Milli Eğitim Bakanlığı ile Cumhurbaşkanı Recep Tayyip Erdoğan’ın oğlu Bilal Erdoğan yüksek istişare kurulu üyesi olduğu TÜGVA arasında yeni bir protokol imzalandı. Söz konusu protokole göre, kulüp çalışmaları, sosyal kültürel,
Cumhuriyet gazetesinden Figen Atalay’ın haberine göre, Milli Eğitim Bakanlığı ile Türkiye Gençlik Vakfı (TÜGVA) arasında yeni bir protokol imzalandı. MEB Din Öğretimi Genel Müdürlüğü’nden il milli eğitim müdürlüklerine 25 Ağustos 2020 tarihinde gönderilen yazıda, “‘Bakanlığımız ile Türkiye Gençlik Vakfı arasında yapılan protokol ile öğrencilerin insani, ahlaki, milli, manevi, tarihi ve kültürel değerlerin kazandırılması amacıyla kulüp çalışmaları, sosyal kültürel, sanatsal, sportif, akademik, mesleki, bilimsel ve teknolojik etkinlikler, proje çalışmaları ve yarışmalar gerçekleştirilecek” denildi.
Yazıda, “‘söz konusu faaliyetlerle ilgili usul ve uygulama esaslarının resmi-özel temel eğitim ve ortaöğretim kurumlarına duyurulması ve gerekli planların yapılması” da istendi.

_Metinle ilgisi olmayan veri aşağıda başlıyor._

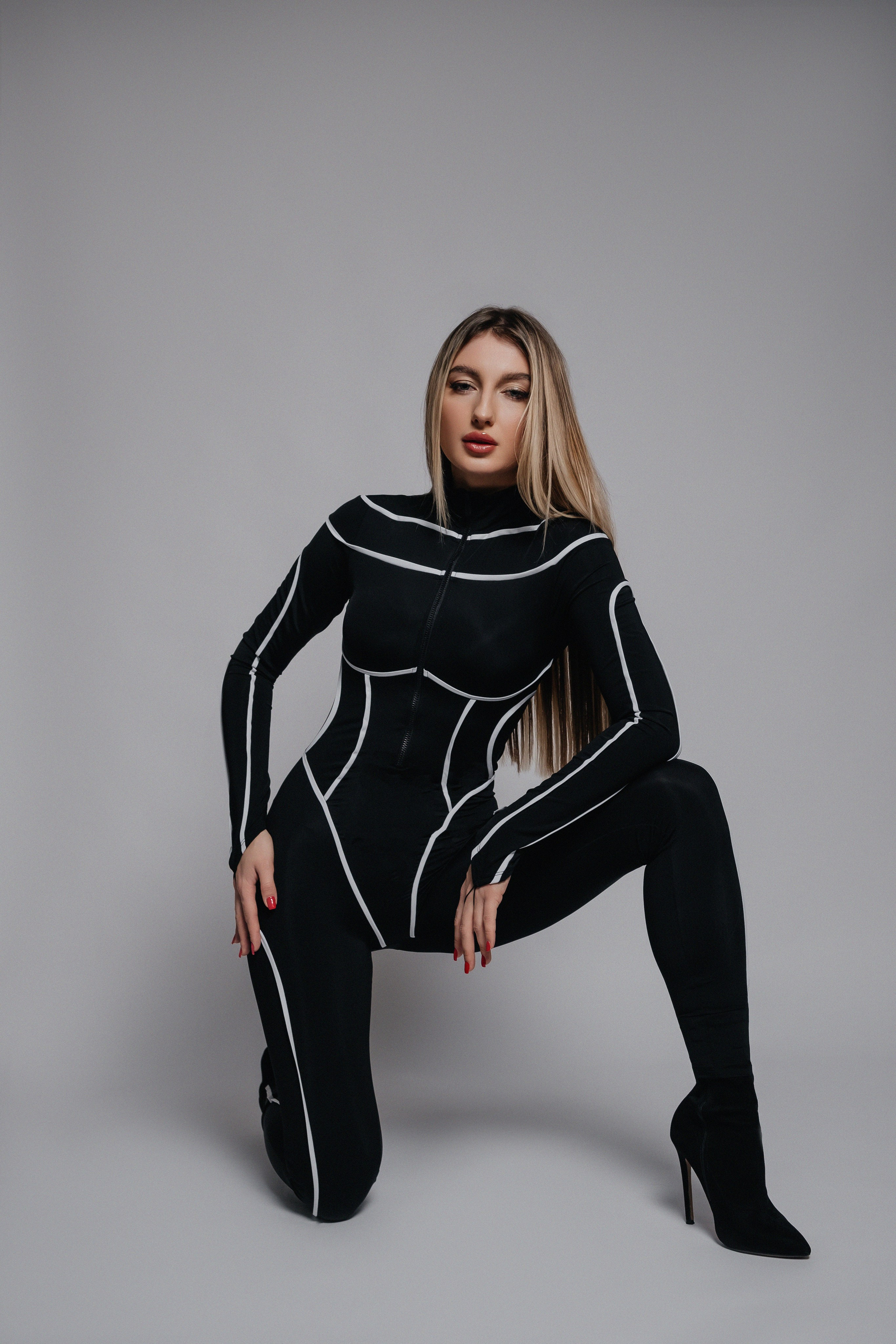 Lara. Fotografa Rimini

Cumhurbaşkanı Tayyip Erdoğan’ın oğul Bilal Erdoğan’ın yüksek istişare kurulu üyesi olduğu TÜGVA, imzaladığı protokollerle Milli Eğitim Bakanlığı’nın çok sayıda görevini üstlenmesiyle biliniyor.

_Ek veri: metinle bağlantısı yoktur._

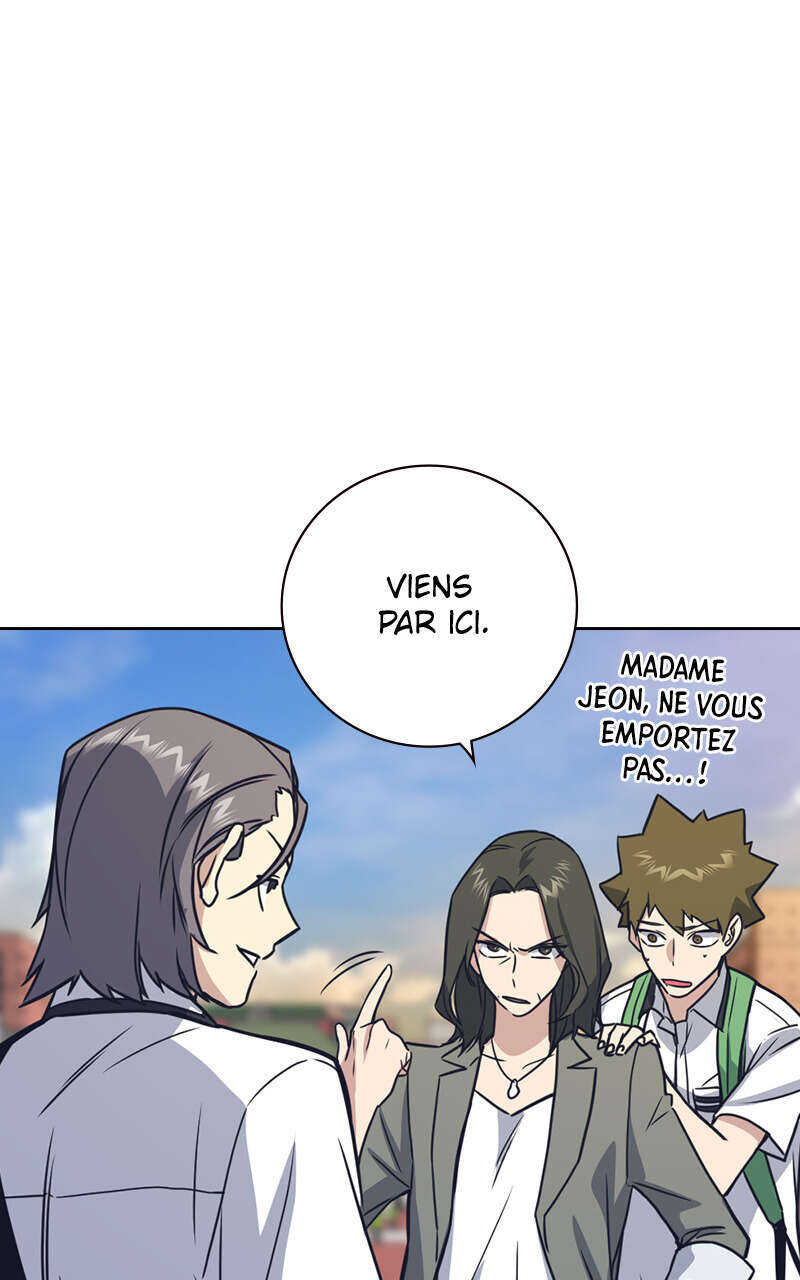 Study Group Chapitre 98 - Page 43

“Çocuklarımızın sporla, sanatla ve kendi değerleri ile yoğrulmuş ortamlarda bulunmasına özen göstereceğiz ki yanlış ortamlara girmesin. Onun için TÜGVA iddialı bir gençlik yetiştirmek için çalışıyor” diyen Bilal Erdoğan’ın TÜGVA’sına, AKP döneminde İstanbul Büyükşehir Belediyesi’nden bazı taşınmazlar tahsis edilmişti.
EĞİTİM-SEN'DEN TEPKİ
İmzalanan yeni protokole tepki gösteren Eğitim Sen Genel Başkanı Feray Aytekin Aydoğan, “Salgında vaka sayılarının her geçen gün arttığı ve yüz yüze eğitime başlama koşulları ile ilgili başta ek bütçe ve ek atama olmak üzere en temel adımların dahi atılmadığı süreçte MEB’in önceliğinin vakıflar, dernekler, dini yapılarla imzalanan protokoller olduğu gerçekliğini yaşıyoruz” dedi.
Milli Eğitim Bakanlığı’nın vakıflar eliyle eğitimde dinselleştirme politikalarına hızla sürdürmeye devam ettiğini söyleyen Aydoğan, “Vakıflarla protokollere karşı açtığımız davalarda yargı kararları çok net bir şekilde kamusal eğitimin devletin sorumluluğunda olduğunu, protokoller eliyle başka kişi, kurum ve kuruluşlara devredilmeyeceğini belirtmesine rağmen protokoller imzalanmaya devam ediyor” diye konuştu.